**REQUIREMENT:**
From the line containing "2014 John Deere 1770NT Planter" through the last line of the listing, output each line exactly as it stands. Omit pictures.

**INFORMATION PROVIDED:**
════

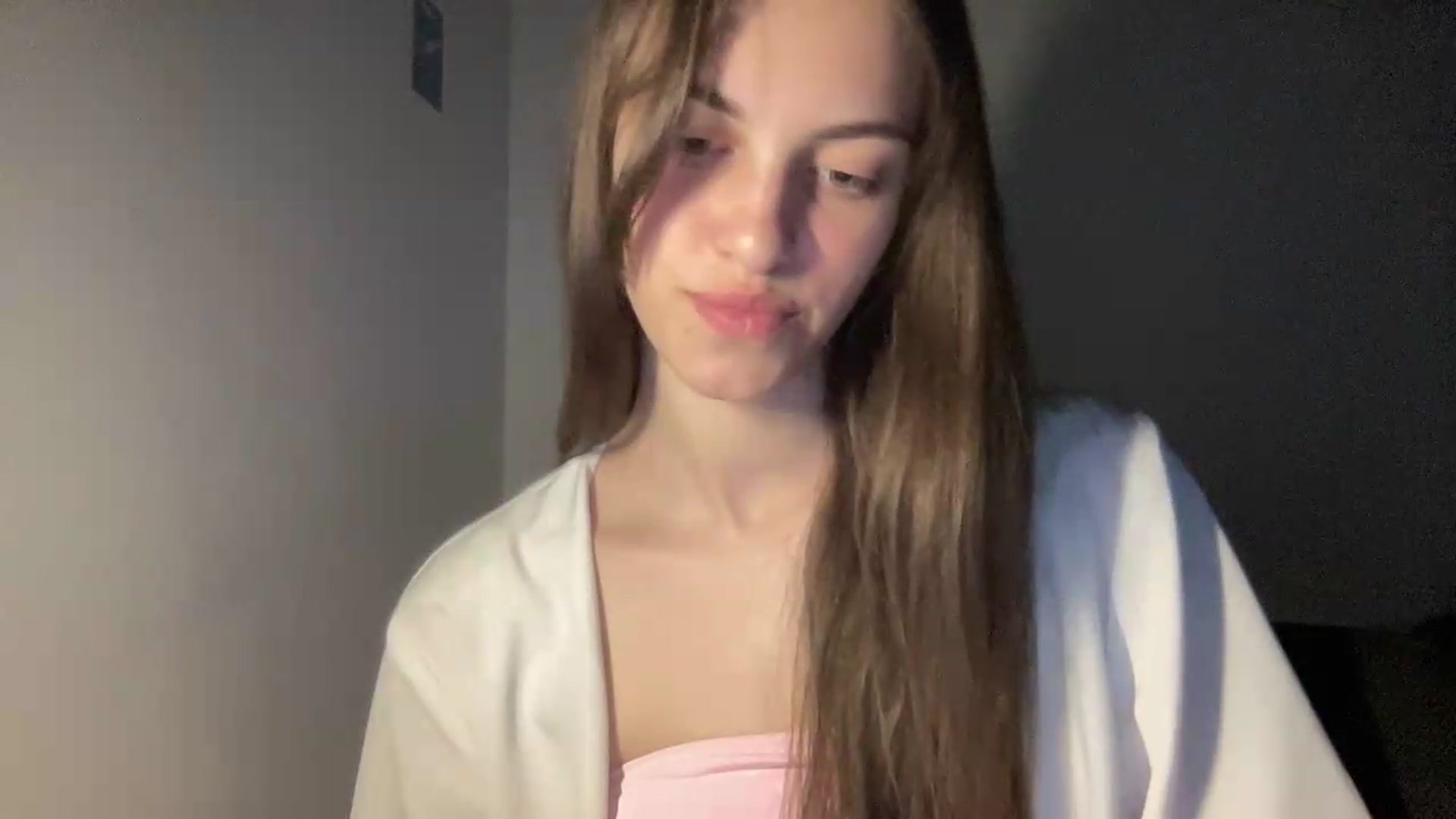 Gallery image thumbnail from Dashamoxy's myfreecams stream on, 05/20/2026, 18:48 image 19 of 20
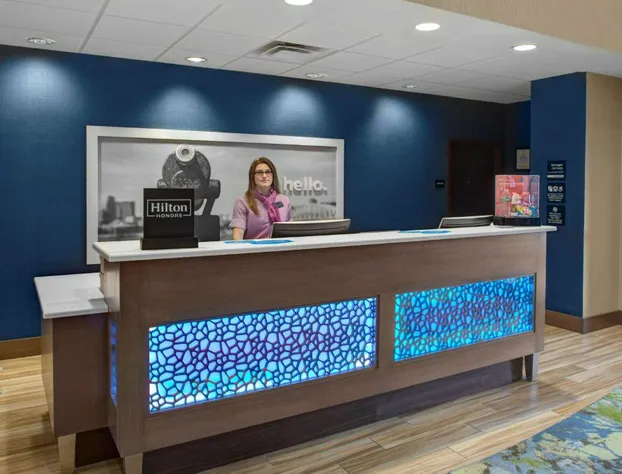 Hampton Inn & Suites Syracuse North Airport Area hotel detail image 2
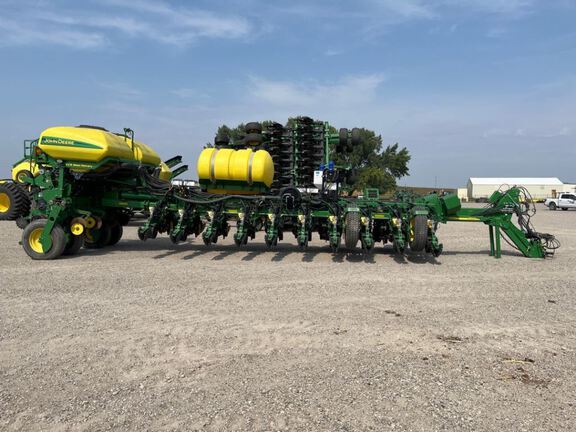 2014 John Deere 1770NT Planter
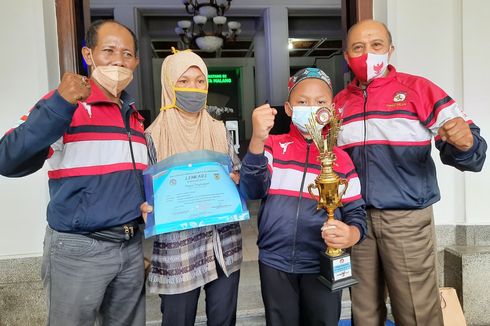 Kisah Ipul Siswa SD Kayuh Sepeda 20 Km Ditemani Ibu untuk Bertanding Karate, Pulang Bawa Trofi Juara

════

**TASK OUTPUT:**
 2014 John Deere 1770NT Planter
 Kisah Ipul Siswa SD Kayuh Sepeda 20 Km Ditemani Ibu untuk Bertanding Karate, Pulang Bawa Trofi Juara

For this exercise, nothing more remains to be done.